Try it ▸ Retype the data below, every word of it, exactly.

Material supplied ▸

§

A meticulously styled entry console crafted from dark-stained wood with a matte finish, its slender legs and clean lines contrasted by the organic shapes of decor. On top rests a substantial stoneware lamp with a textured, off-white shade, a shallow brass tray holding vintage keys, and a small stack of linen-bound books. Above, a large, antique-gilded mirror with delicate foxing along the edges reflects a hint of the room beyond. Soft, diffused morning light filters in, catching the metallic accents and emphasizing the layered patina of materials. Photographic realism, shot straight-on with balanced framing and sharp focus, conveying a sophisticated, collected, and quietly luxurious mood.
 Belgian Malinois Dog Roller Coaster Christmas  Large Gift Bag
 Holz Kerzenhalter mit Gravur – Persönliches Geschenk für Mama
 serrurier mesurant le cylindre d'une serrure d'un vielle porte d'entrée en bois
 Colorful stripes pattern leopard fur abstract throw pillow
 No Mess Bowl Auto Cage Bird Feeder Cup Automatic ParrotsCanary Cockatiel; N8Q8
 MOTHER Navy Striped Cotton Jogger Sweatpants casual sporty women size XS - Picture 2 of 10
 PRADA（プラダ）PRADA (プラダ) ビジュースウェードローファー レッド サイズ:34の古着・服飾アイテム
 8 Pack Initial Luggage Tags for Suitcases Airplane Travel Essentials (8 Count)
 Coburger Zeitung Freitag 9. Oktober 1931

§

Output ▸
A meticulously styled entry console crafted from dark-stained wood with a matte finish, its slender legs and clean lines contrasted by the organic shapes of decor. On top rests a substantial stoneware lamp with a textured, off-white shade, a shallow brass tray holding vintage keys, and a small stack of linen-bound books. Above, a large, antique-gilded mirror with delicate foxing along the edges reflects a hint of the room beyond. Soft, diffused morning light filters in, catching the metallic accents and emphasizing the layered patina of materials. Photographic realism, shot straight-on with balanced framing and sharp focus, conveying a sophisticated, collected, and quietly luxurious mood.
 Belgian Malinois Dog Roller Coaster Christmas  Large Gift Bag
 Holz Kerzenhalter mit Gravur – Persönliches Geschenk für Mama
 serrurier mesurant le cylindre d'une serrure d'un vielle porte d'entrée en bois
 Colorful stripes pattern leopard fur abstract throw pillow
 No Mess Bowl Auto Cage Bird Feeder Cup Automatic ParrotsCanary Cockatiel; N8Q8
 MOTHER Navy Striped Cotton Jogger Sweatpants casual sporty women size XS - Picture 2 of 10
 PRADA（プラダ）PRADA (プラダ) ビジュースウェードローファー レッド サイズ:34の古着・服飾アイテム
 8 Pack Initial Luggage Tags for Suitcases Airplane Travel Essentials (8 Count)
 Coburger Zeitung Freitag 9. Oktober 1931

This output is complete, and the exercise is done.